TCP/IP over InfiniBand – IPoIB on all node. • Both GbE and IB interfaces, eth0 and ib0 named. • Example. – Node compute-x-y has two interfaces. – cx-y is the eth0 interface. – ib-x-y is the ib0 interface scp gamessplus.tar.bz2 compute-9-1.local:/tmp/gamessplus.tar.bz2. 100% 722MB 55.5MB

Cluster performance, how to get the most out of Abel PDF

32 Pages·2013·0.82 MB·English

by Ole Saastad

Checking for file health...

Download

Upgrade Premium

Most books are stored in the elastic cloud where traffic is expensive. For this reason, we have a limit on daily download.

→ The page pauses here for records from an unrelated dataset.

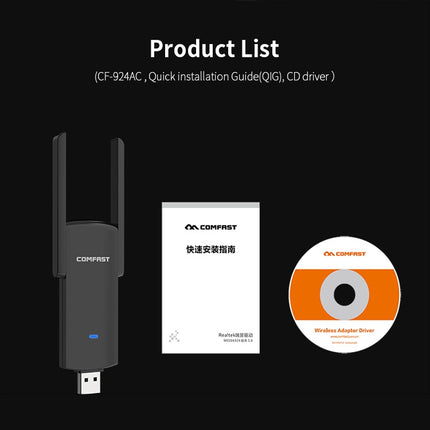 COMFAST CF-924AC V2 1200Mbps Dual Frequency Gigabit USB Computer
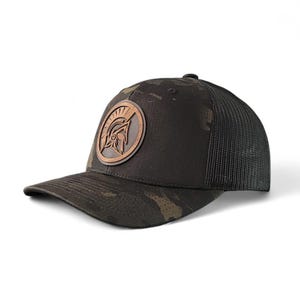 Warrior's Code – Spartan Helmet Wooden Patch Hat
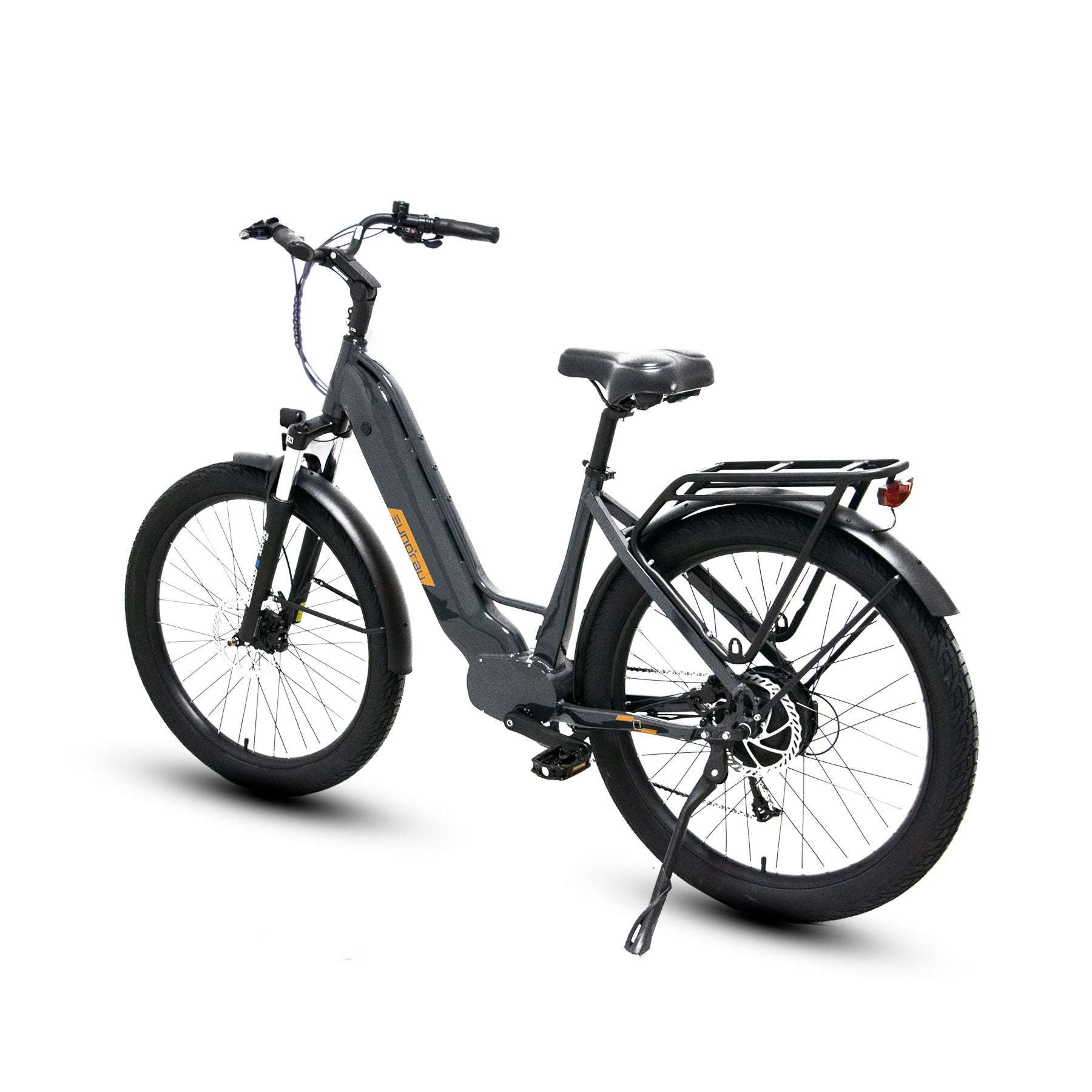 Eunorau Meta 275 Step-through grey orange electric bike on a white background, rear side view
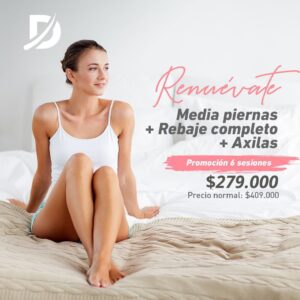 Pack piernas inferior + rebaje completo + axilas - 6 sesiones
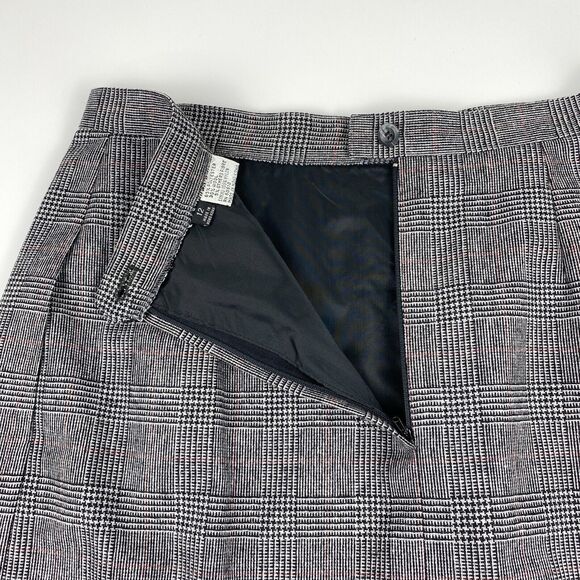 La Suit Petite Skirt Set Womens Sz 12 Black Red Plaid Wool Blend 80s VTG 2pc - Picture 13 of 15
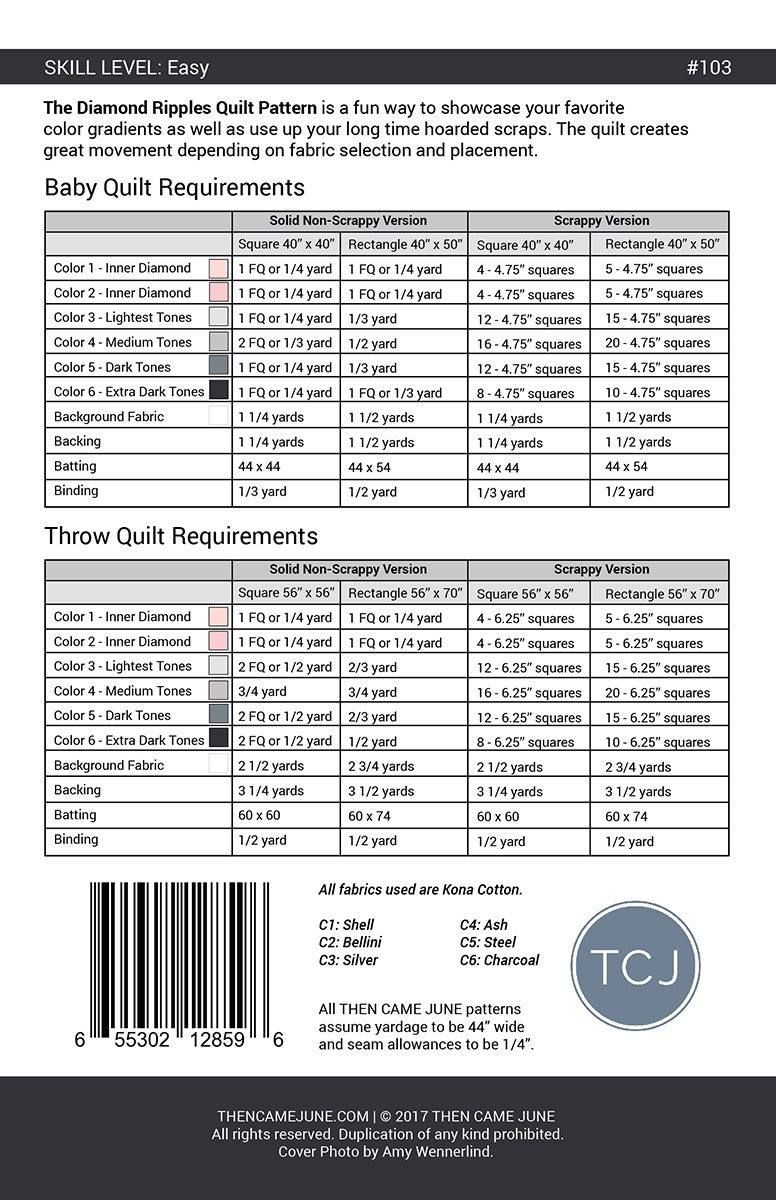 Diamond Ripples Quilt Pattern by Then Came June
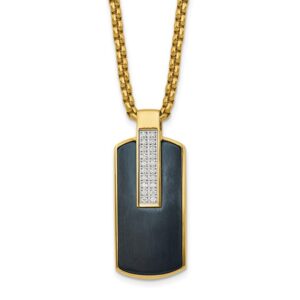Stainless Steel Polished Black/Yellow IP-plated w/CZ Dog Tag 24in Necklace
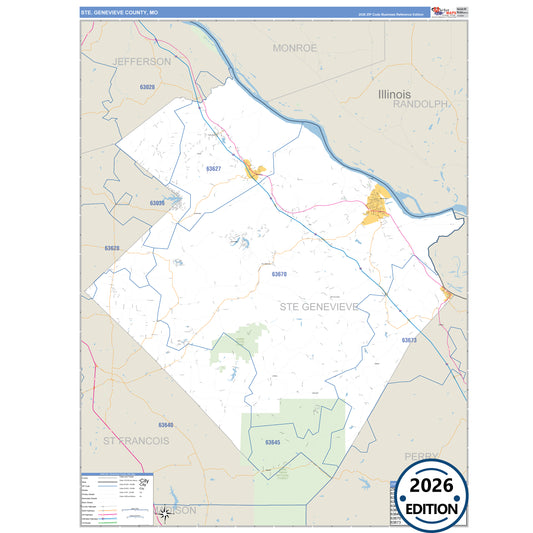 Ste. Genevieve County, MO Business Reference 5 Digit ZIP Code Wall Map
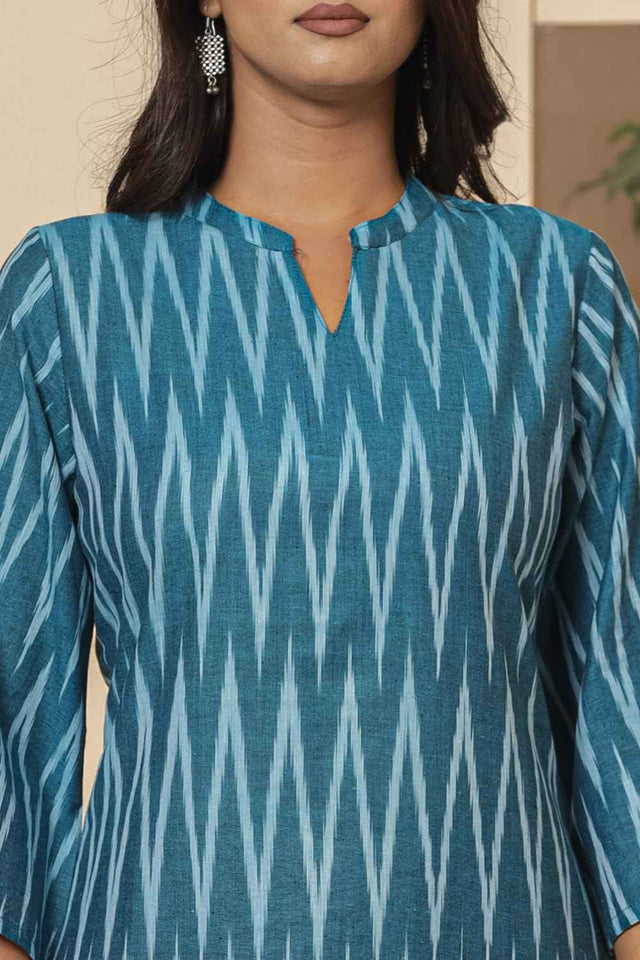 Turquoise Chevron Print Cotton Co-Ord Set (6952CRDTB)
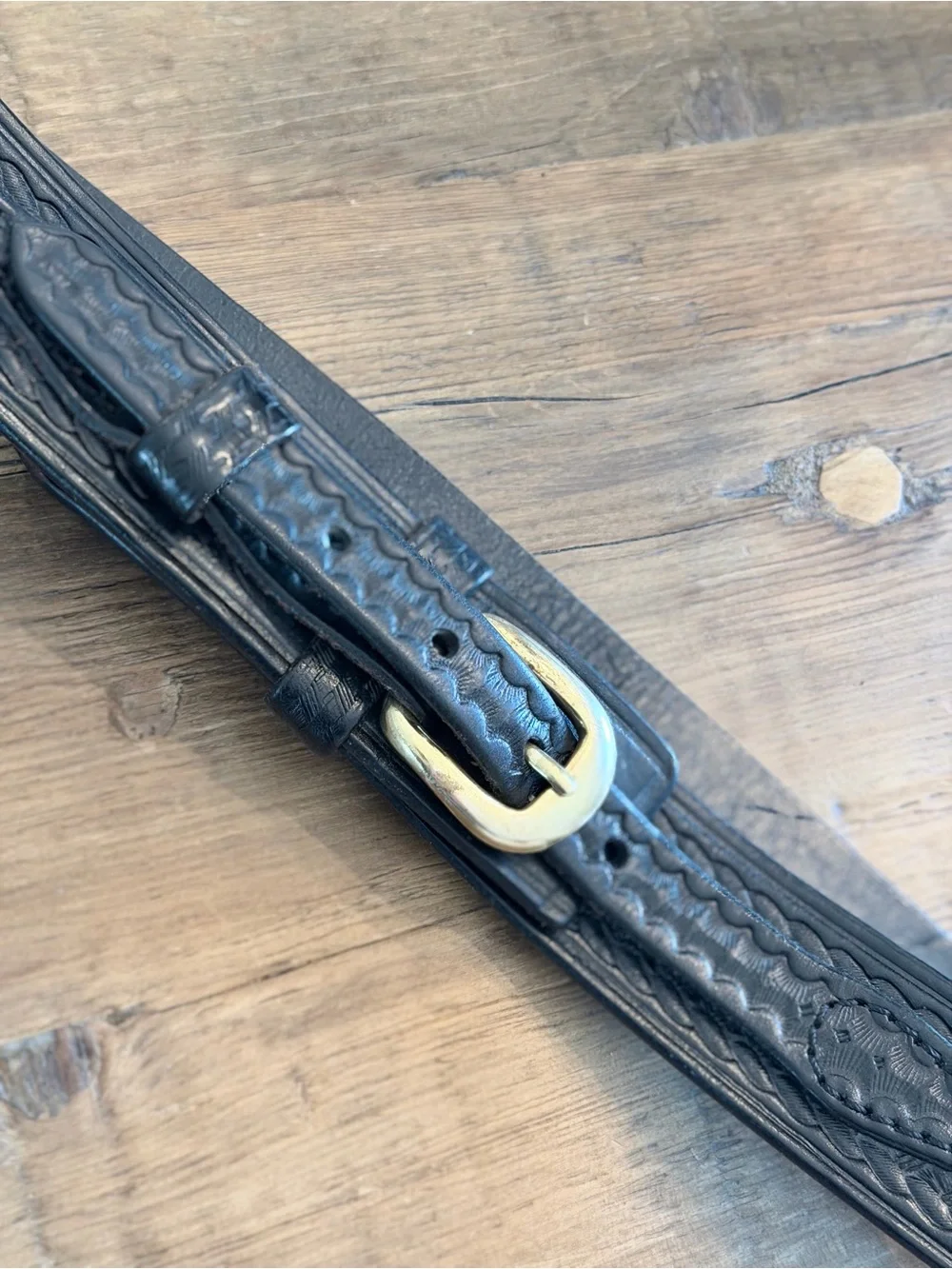 Vintage Triple K Braided Leather Ranger Belt. Black | Brass Buckle | Embossed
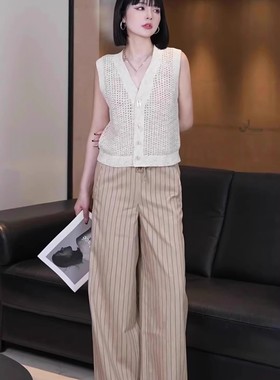 A家专柜正品代购2024夏松紧腰竖条纹休闲长裤5100552-1P25773-001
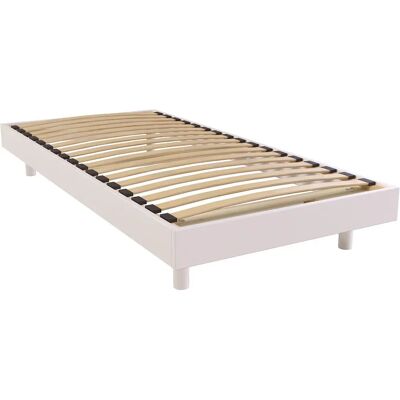 ABC MEUBLES Base letto in legno con doghe singole - 90x200 - Bianco ABC MEUBLES Base letto in legno con doghe singole - 90x200 - Bianco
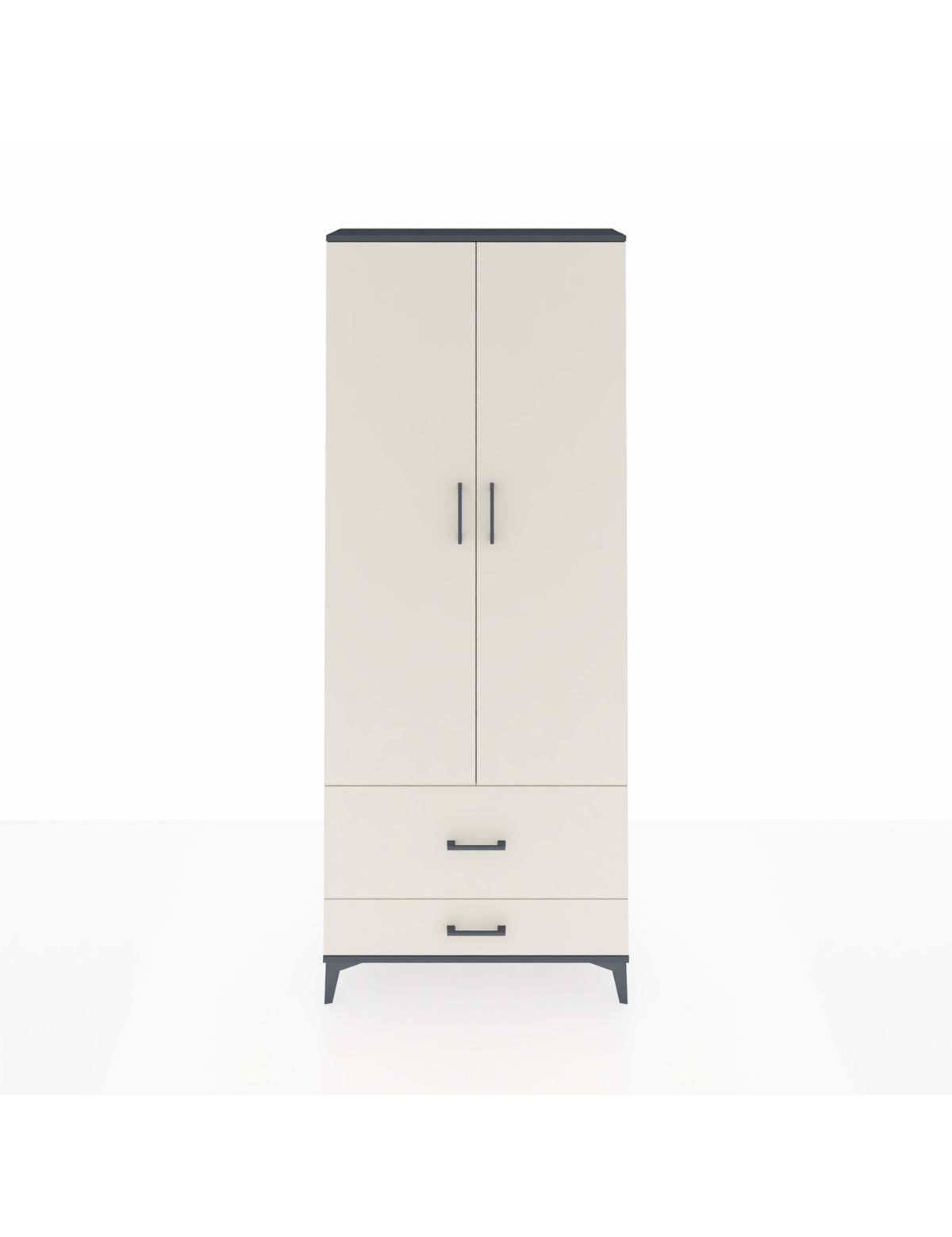 Arges Dolap 2 Raflı 2 Çekmeceli Tek Askılı 88x30x221 Antrasit-Aytaşı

Download Cluster performance, how to get the most out of Abel PDF Free - Full Version

by Ole Saastad| 2013| 32 pages| 0.82| English

Download Cluster performance, how to get the most out of Abel by Ole Saastad in PDF format completely FREE. No registration required, no payment needed. Get instant access to this valuable resource on PDFdrive.to!

Free Download PDF

About Cluster performance, how to get the most out of Abel

TCP/IP over InfiniBand – IPoIB on all node. • Both GbE and IB interfaces, eth0 and ib0 named. • Example. – Node compute-x-y has two interfaces. – cx-y is the eth0 interface. – ib-x-y is the ib0 interface scp gamessplus.tar.bz2 compute-9-1.local:/tmp/gamessplus.tar.bz2. 100% 722MB 55.5MB

Detailed Information

Author:	Ole Saastad
Publication Year:	2013
Pages:	32
Language:	English
File Size:	0.82
Format:	PDF
Price:	FREE

Download Free PDF

Safe & Secure Download - No registration required

Why Choose PDFdrive for Your Free Cluster performance, how to get the most out of Abel Download?

100% Free: No hidden fees or subscriptions required for one book every day.
No Registration: Immediate access is available without creating accounts for one book every day.
Safe and Secure: Clean downloads without malware or viruses
Multiple Formats: PDF, MOBI, Mpub,... optimized for all devices
Educational Resource: Supporting knowledge sharing and learning

Frequently Asked Questions

Is it really free to download Cluster performance, how to get the most out of Abel PDF?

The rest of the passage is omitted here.